### Assignment
In the data, extract each line that holds the string "White".

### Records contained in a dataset
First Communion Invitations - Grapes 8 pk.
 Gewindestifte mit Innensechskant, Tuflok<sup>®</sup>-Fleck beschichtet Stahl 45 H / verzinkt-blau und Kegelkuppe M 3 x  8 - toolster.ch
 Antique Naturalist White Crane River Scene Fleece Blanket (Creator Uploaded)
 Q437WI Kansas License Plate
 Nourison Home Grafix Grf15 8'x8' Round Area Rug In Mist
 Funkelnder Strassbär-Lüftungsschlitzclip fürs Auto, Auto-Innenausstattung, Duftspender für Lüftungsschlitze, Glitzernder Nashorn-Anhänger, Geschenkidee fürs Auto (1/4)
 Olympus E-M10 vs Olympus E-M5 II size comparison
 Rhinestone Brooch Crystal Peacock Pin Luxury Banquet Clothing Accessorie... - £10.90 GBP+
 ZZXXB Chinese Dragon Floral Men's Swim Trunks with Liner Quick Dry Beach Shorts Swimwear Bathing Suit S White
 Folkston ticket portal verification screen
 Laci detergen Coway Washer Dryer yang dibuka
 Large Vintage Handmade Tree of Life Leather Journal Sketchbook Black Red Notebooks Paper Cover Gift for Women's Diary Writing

### Your solution
 Antique Naturalist White Crane River Scene Fleece Blanket (Creator Uploaded)
 ZZXXB Chinese Dragon Floral Men's Swim Trunks with Liner Quick Dry Beach Shorts Swimwear Bathing Suit S White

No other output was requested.